Encore peu connu du public français, le documentariste iranien Mehrdad Oskouei – par ailleurs photographe – compte pourtant déjà une dizaine de films à son actif et jouit d’une reconnaissance importante au plan international. Des rêves sans étoiles arrive ainsi dans les salles françaises auréolé de nombreux prix, notamment le prix Amnesty International décerné lors de la Berlinale 2016. Faisant pendant à son film précédent (Les Derniers Jours de l’hiver, sorti ici en 2012), qui prenait pour sujet une maison de correction pour adolescents, ce nouveau film s’attache à capter la vie au quotidien dans un centre de détention et réhabilitation pour mineures à Téhéran. Inutile de dire qu’il a fallu beaucoup de patience et d’obstination à Mehrdad Oskouei pour convaincre les autorités iraniennes de lui permettre de mener à bien ce projet. Au terme d’un long processus, il a fini par obtenir l’aval, en promettant de ne pas montrer le film à la télévision iranienne.
Rigueur attentive
Après avoir gagné la confiance des responsables du centre, il restait encore au cinéaste à gagner celle des jeunes filles qui y sont incarcérées. Il y est parvenu en faisant preuve de patience autant que de délicatesse. Ces deux qualités essentielles se perçoivent tout au long du film à travers la rigueur attentive de la mise en scène, qui se fonde sur un rapport frontal au réel, et la douceur de la voix de Mehrdad Oskouei, qui n’apparaît jamais à l’image mais que l’on entend à intervalles réguliers poser des questions hors champ aux jeunes filles. Celles-ci ont entre 15 et 17 ans, s’appellent Khatereh, Ghazal, Somayeh ou Hasrat. La plupart ont été condamnées pour vol et/ou détention de drogue (l’une pour le meurtre de son père) et ont subi des maltraitances, parfois des violences sexuelles, dans leur milieu familial. Certaines sont déjà devenues mères…

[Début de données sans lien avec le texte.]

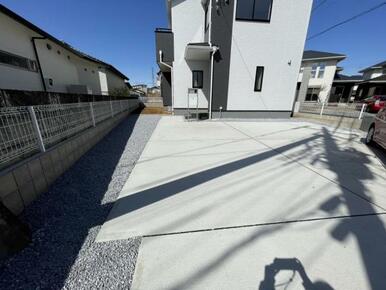 カースペース2台！並列駐車もできます♪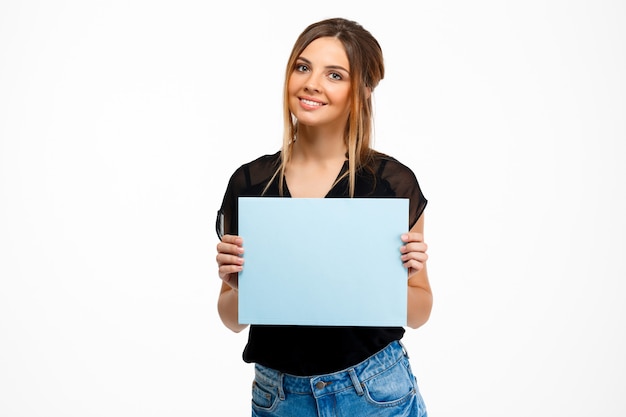 Retrato de joven hermosa sobre fondo blanco. Copia espacio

Pour construire son film et lui donner un fil dramaturgique, Mehrdad Oskouei se concentre sur quelques-unes des jeunes filles, nous amène à découvrir leur histoire personnelle et à suivre leur vie dans le centre de détention jusqu’à une possible libération. Des rêves sans étoiles alterne ainsi entretiens avec les détenues et scènes du quotidien (repas, jeux, visites de proches, dialogues avec un imam, etc.), le film se déroulant en majorité dans la grande salle qui sert à la fois de dortoir et d’espace commun. À la manière de Frederick Wiseman, qu’il cite comme une influence majeure, Mehrdad Oskouei n’ajoute aucun commentaire et ne livre aucune information extérieure : le réel est livré tel qu’il a été saisi par le cinéaste, en usant principalement de plans fixes, sans musique off – hormis à la toute fin, empreinte d’une mélancolie diffuse.
Juste distance
Si le réel que reflète Des rêves sans étoiles est loin d’être gai, le film parvient néanmoins à n’être ni sinistre ni accablant car Mehrdad Oskouei a su trouver la juste distance pour appréhender ce réel. A rebours de tout dolorisme moralisateur, il ne cherche pas à juger ou à dénoncer mais bien plutôt à décrire et à comprendre. Abordant sans regard surplombant ces jeunes filles profondément meurtries, recueillant avec une empathie discrète leurs témoignages douloureux, les observant continuer à vivre malgré l’ombre du désespoir (et parfois l’indifférence de leur famille), il en offre un portrait à la fois minutieux et vivace, empli d’humanité.